Già nel 1768, rispondendo all’inchiesta granducale sulle manifatture, i rappresentanti della comunità lamentavano, rispetto al passato, una crisi del settore, collegata alla più generale crisi economica del periodo: “Passando ora all’arte degli scalpellini, o sia manifattura di pietre, diciamo che questa ancora nei tempi addietro era feconda di smercio era di lucro considerabile alla Comunità e suoi abitanti. Ed in effetti, molte erano le cave o siano le fabbriche di pietrami nel poggio detto la Gonfolina che in oggi si vedono ridotte a minor numero, quantunque non manchino persone che attendino ad una simile manifattura. Il che dà motivo alla minorazione dei prezzi e quanto allo smercio, che si è ridotto assai minore, può dipendere dalle minori fabbriche che si vanno facendo, tutto effetto di mancanza di denaro nei cittadini” (Relazione dello stato delle arti e manifatture per la comunità della Lastra, in A.S.F. Carte Gianni, n 39 ins. 523/28).
E nella relazione del maire di Lastra a Signa, redatta nel 1810 in epoca napoleonica, si documenta che “ lo scavo della pietra impiega circa trecendo individui”(A.C.Lastra a Signa n.138).
Il contenzioso che si è protratto nei secoli fra l’autorità fiorentina (magistratura dei Fiumi, Prefettura, Genio civile) ed i cavatori della Gonfolina, ha lasciato negli archivi una documentazione dalla quale possiamo attingere numerose informazioni.
Gli scalpellini avevano infatti l’abitudine di gettare sulla strada sottostante e sulle sponde dell’Arno i detriti della lavorazione e ciò arrecava gravi danni provocando un restringimento dell’alveo del fiume, e dalla riapertura della strada Pisana nella seconda metà del XVIII secolo, impedimenti alla viabilità.
Di fronte al bando che nel 1587 proibiva “ far cave alla Gonfolina, essercitar le vecchie o cavar pietre…” riccorsero i Scalpellini di dette cave (…) dicendo che sono in numero di quattrocento che campavano su quel traffico…” ( A.S.F. Miscellanea medicea n 40).
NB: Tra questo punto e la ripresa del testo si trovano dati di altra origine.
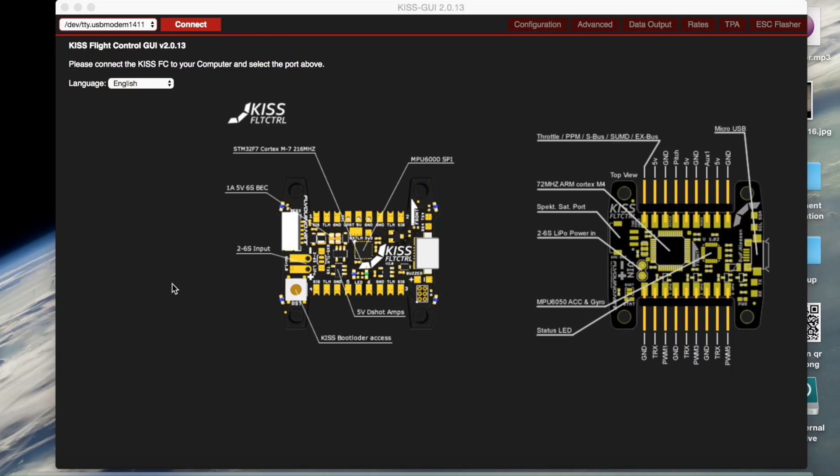Hey guys, so this is Pilot and Command here and today I wanted to show y'all how to set up turtle mode using the KISS flight controllers.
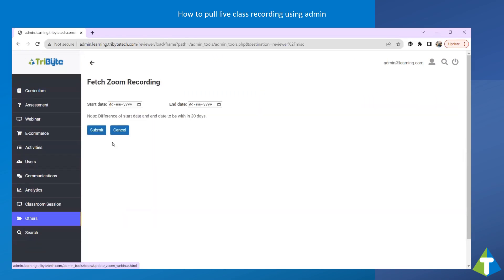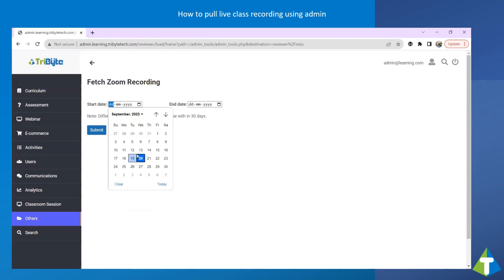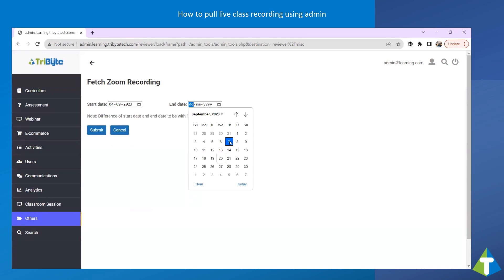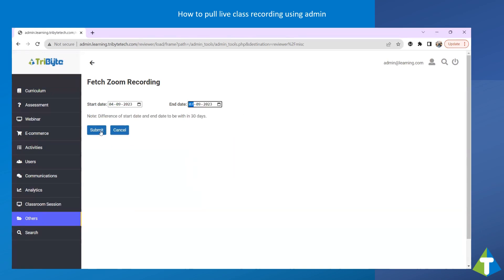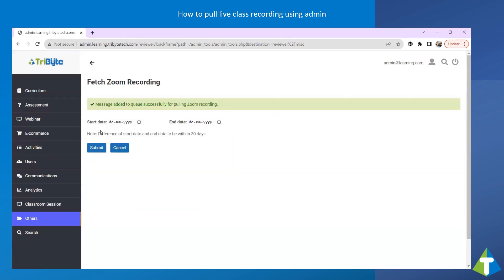Click on Fetch Zoom recording. Select the start date and end date between which you need to pull the live class recordings, then click on Submit. The Zoom recordings have been pulled successfully.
Nel 1763, dopo quindi la riapertura della Regia strada Pisana si riaccendono le preoccupazioni per “ lo strapazzo fin ad ora usato dagli scalpellini che (…) la tengono oltre modo occupata nella sua larghezza da quantità di scaglie, e di pietre alcune lavorate, ed altre tozze, che non impicciano la pianta di esse, in grave pregiudizio del pubblico, ed in specie del carreggio” ( A.S.F. Capitani di parte, numeri neri, 1705).
Nel documento si registrano anche i nomi dei conduttori di cave del Masso delle Fate, nomi che poi, in qualche caso, a testimonianza di una continuità che si tramanda di padre in figlio, ritroviamo nel passare degli anni: Antonio Nenciolini, Giuseppe Settimelli, Valentino Settimelli, Valentino Carboni, Giuseppe Gabellino, Ferdinando Ferroni, Antonio Sarti, Ranieri Brunelli, Pietro Belli, Tommaso Settimelli, Filippo Cartoni, Antonio Mazzantini, Giuseppe e Carlo Bricoli, Franco Migliori.